I Am Addicted to Drinking Tea
I drink mine not from bone china, but from a Harris Ranch mug, which I bought to replace an earlier one broken while being washed. The nights in Los Angeles are getting cold (down to the forties in Fahrenheit and the single digits Celsius). What keeps me going is mostly Indian black tea. In the mornings, I brew a pot of mixed Darjeeling and Ceylon. For lunch today at the Moon House, I had about four or five cups of green tea, Tonight, as I read Cara Black’s Aimée Leduc mystery Murder in the Sentier, I brewed myself a cup of Indian chai masala.
Coffee? What’s that? I’m told I’m probably the only person in the Continental United States who never touches the stuff. In fact, I am repelled by the taste and the smell of bitter beans, as I refer to them.
As I look forward to the coming new year, I will probably drink hundreds of cups of hot tea and, when it gets hot, hundreds of glasses of iced tea (the same blend as my morning pot).
I make no special claims for tea, other than that I love the smooth taste. Drinking it makes me feel calm, even just before going to bed.
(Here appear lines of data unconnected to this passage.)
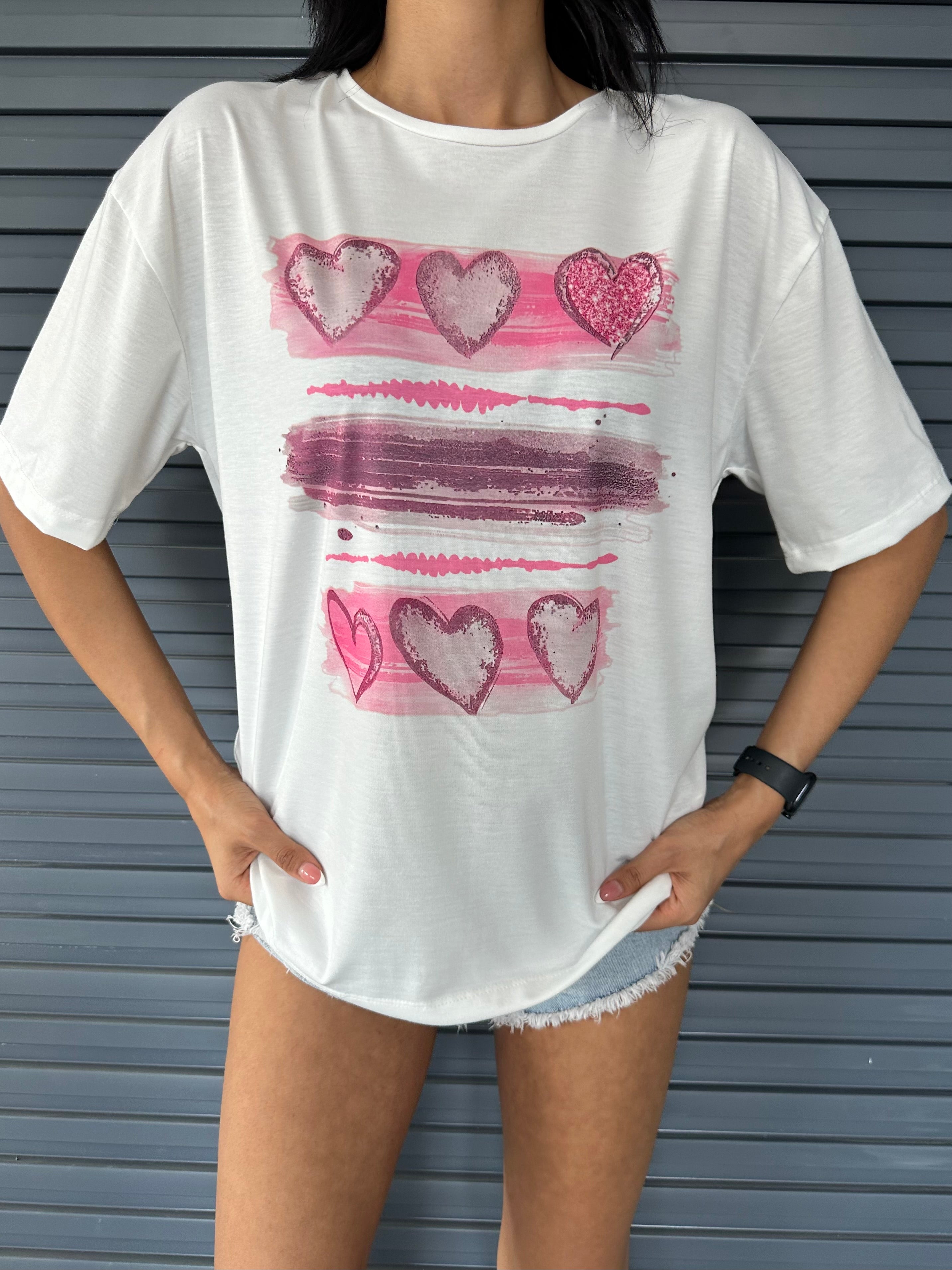 Kalp Baskılı Basic T-shirt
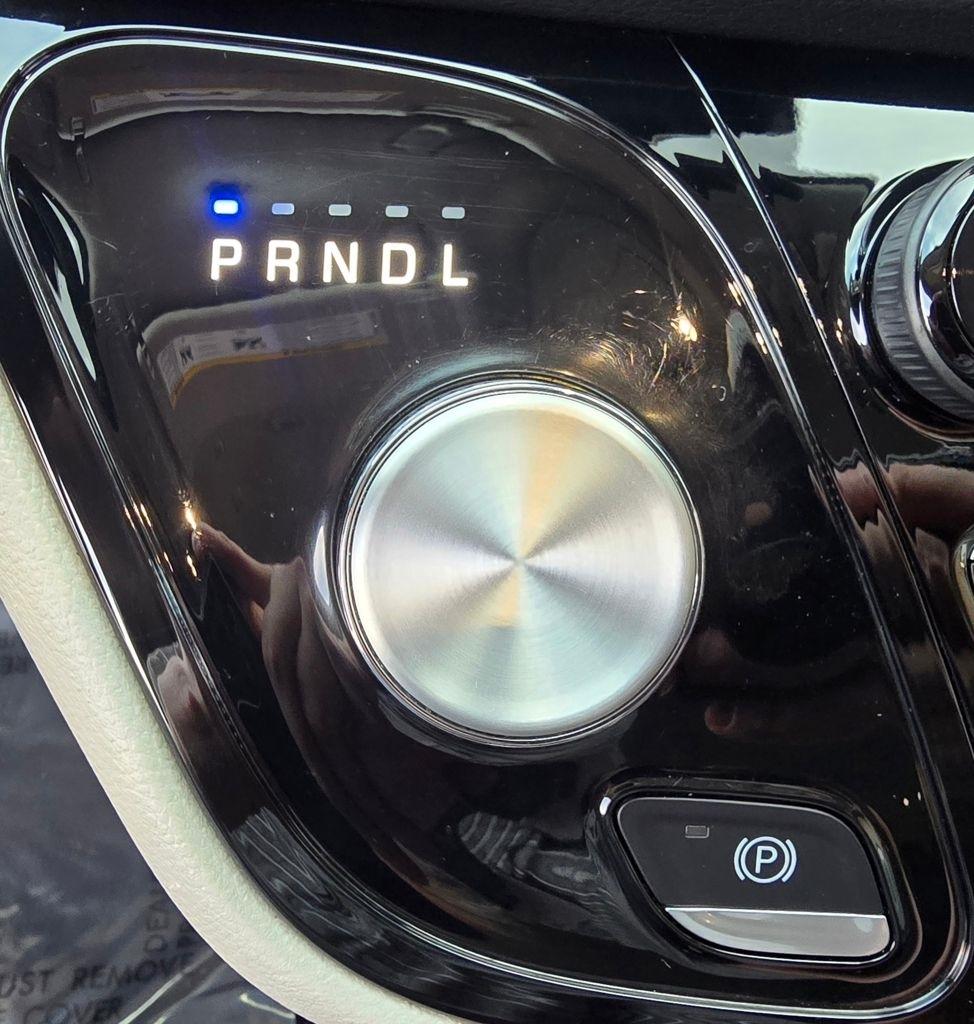 Chrysler Pacifica  2024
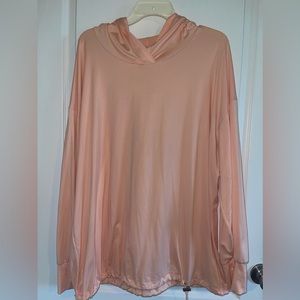 Peach 3X women’s workout shirt by Nine West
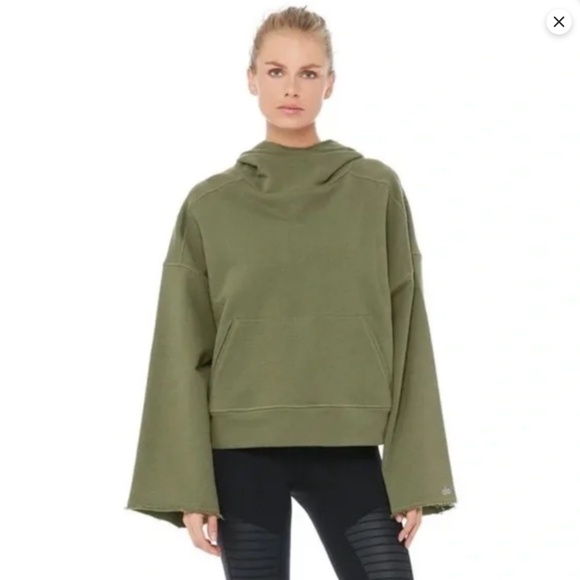 ALO Yoga Oversized Low Key Hoodie with Bell Sleeves in Army Green (Size XS) - Picture 1 of 9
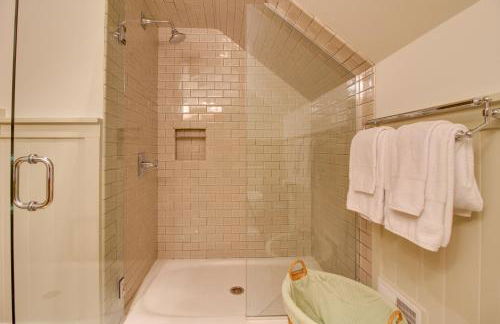 Serene Silver Bay Home on Lake George with Boat Slip - Foto 23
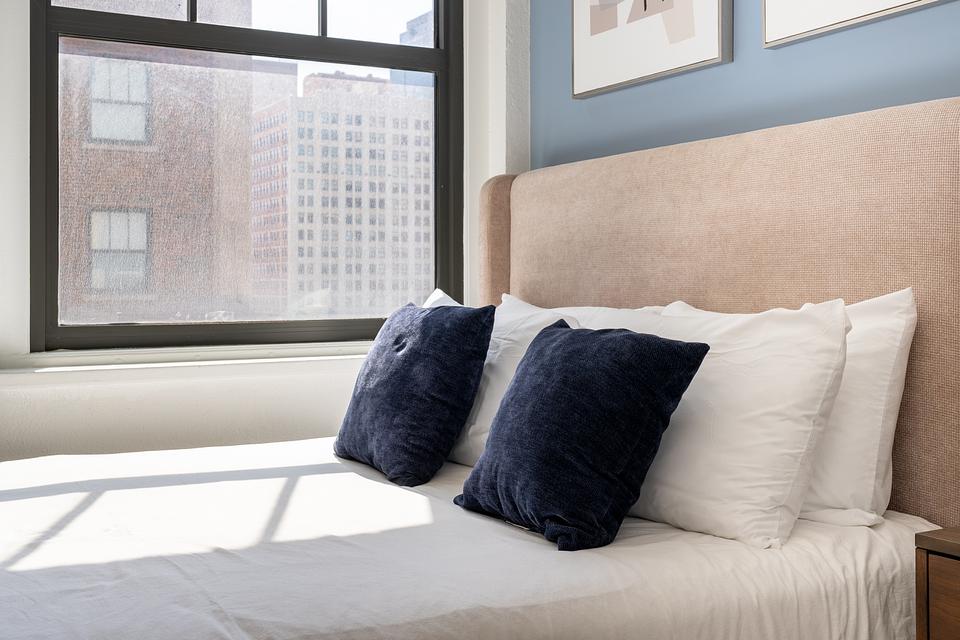 These photos are from another Landing in this building.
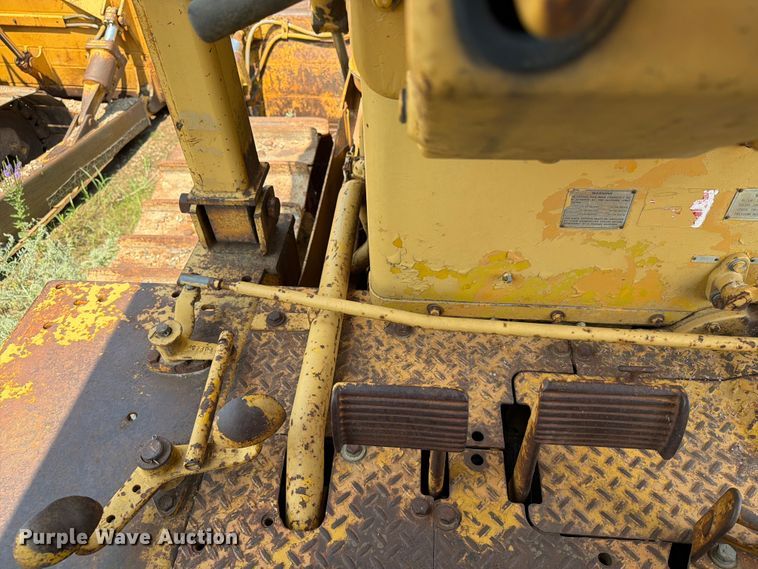 image for item EA0412 1964 Caterpillar D8H dozer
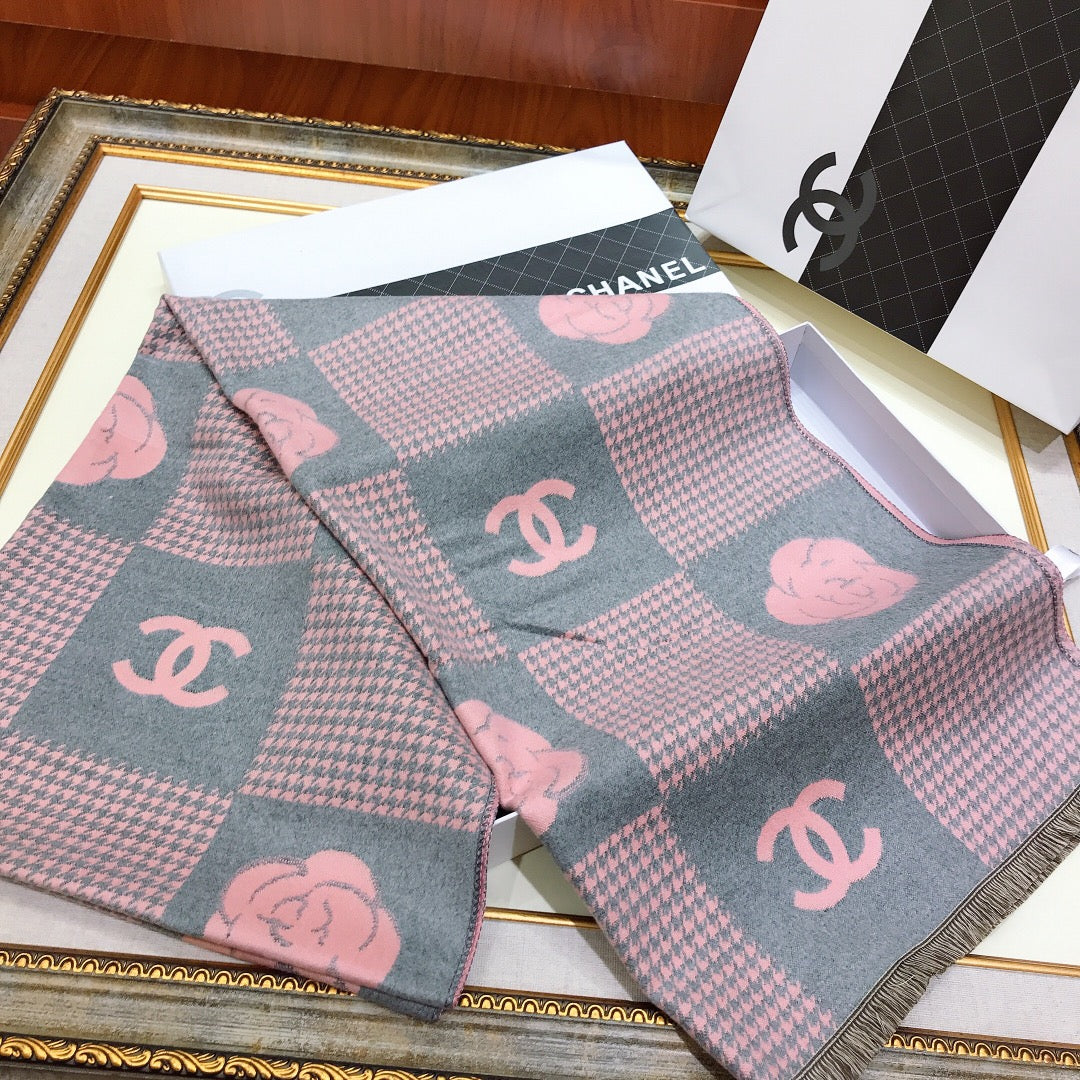 Camellia Checkered Pattern Scarf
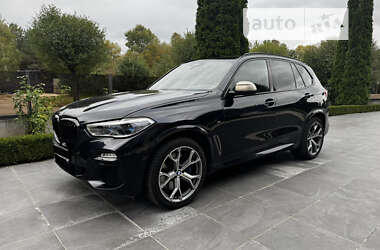 Позашляховик / Кросовер BMW X5 2019 в Чернівцях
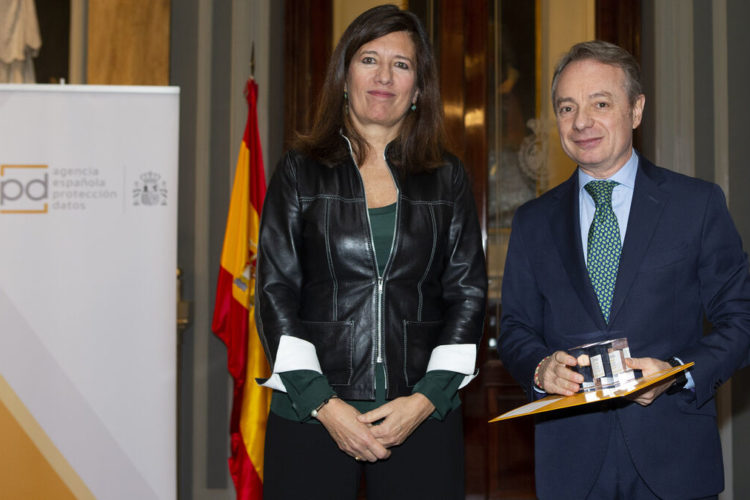 Mar España, directora de la AEPD, y Lorenzo Cooklin, director general FMM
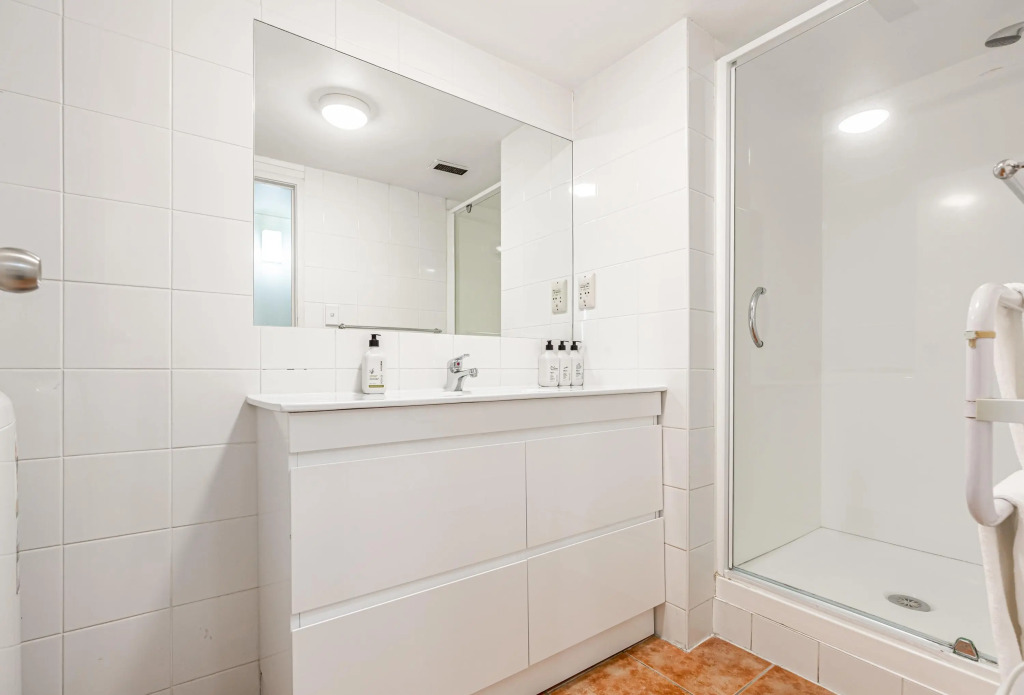 Lovely 2-Bedroom Apartment with Free Parking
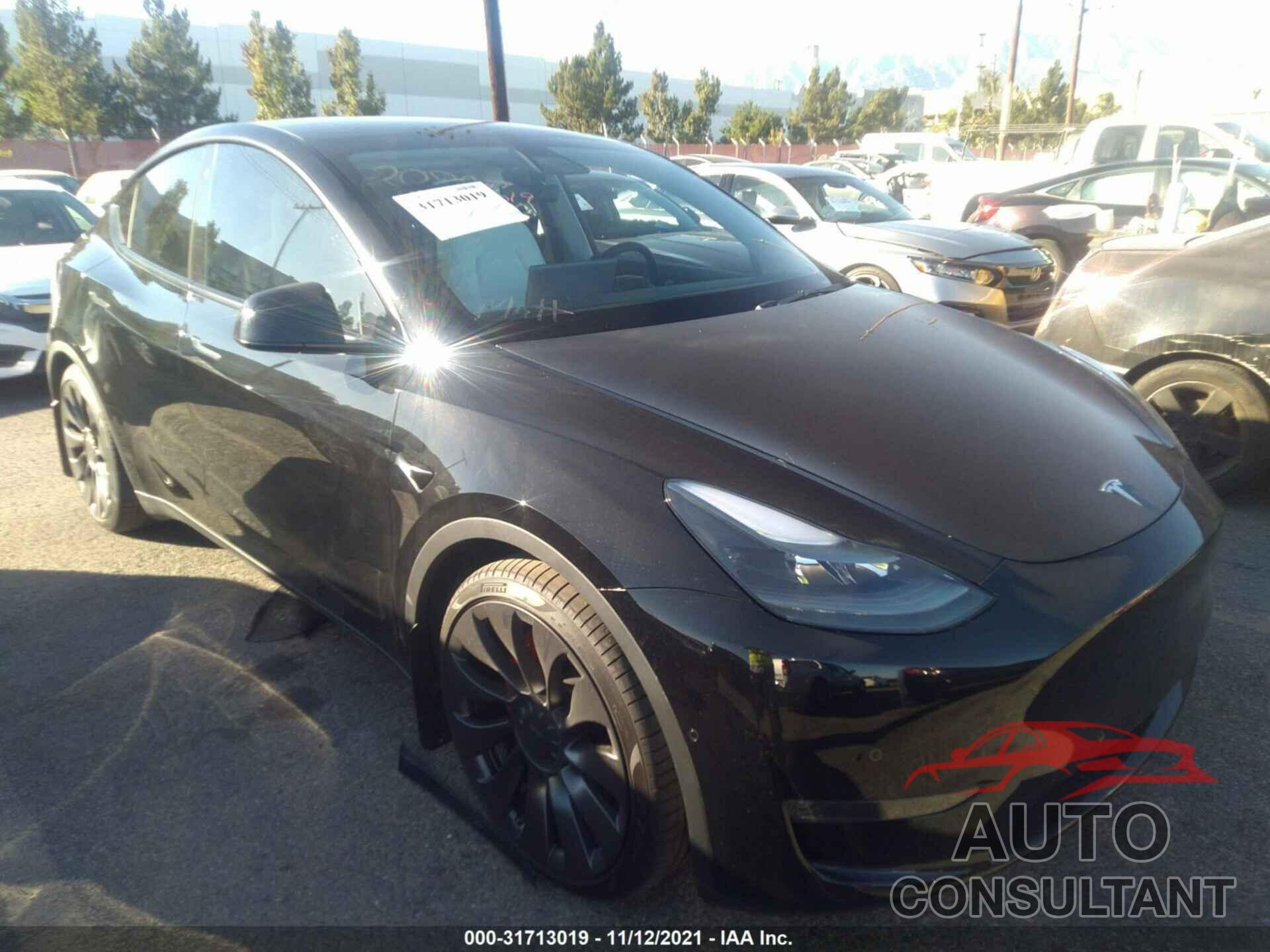TESLA MODEL Y 2021 - 5YJYGDEF4MF269760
My parents told me that, as a small child, I used to sip their coffee. What happened in my childhood years that made me turn so vehemently against the stuff? Did I have a bad cap of joe? Did I spill some on myself and burn myself? Apparently, even my mother and father didn’t know.
No, It’s Not Coffee … Ever!
With most Americans, I would wager that what flows in their veins is either coffee or Coca-Cola. With me, it’s tea—either hot or iced. And my tea is occasionally made with tea bags, but most of the time with tea leaves which I store in bulk. Although I also drink Chinese and Japanese green teas with my Chinese or Japanese food, my tea of choice for my own cooking is Indian black tea. Darjeeling is by far the best, but the better grades can be fiendishly expensive. So I usually blend it with Ceylon or Assam depending on the time of year.
When it gets cooler, as it is now, I like to mix the Darjeeling with a “wake-me-up” Assam like Baruti or Ghalami. I -purchase the tea in bulk either from an Indian or Persian grocery store. One pound of any loose black tea will last me the better part of a year.
I have a cheap Japanese metal pot with a removable insert so that I don’t need a strainer to remove the infused tea leaves from my cup. After making a couple of cups of hot tea for breakfast, I save the rest of the tea in the pot for iced tea, adding two or three ice cubes per glass. During the summer, I usually drink iced tea all the time, including for breakfast.
My iced tea is usually unsweetened. For hot tea, I like to add mesquite honey and a squeeze of fresh lime.
Sometimes I don’t even think of myself as an American because I’m not hooked on coffee and Coke. Although I will occasionally drink a Coke when the only alternative is iced tea adulterated with passion fruit, raspberries, or kumquats. Adulterated iced tea is an abomination and to be avoided at all costs.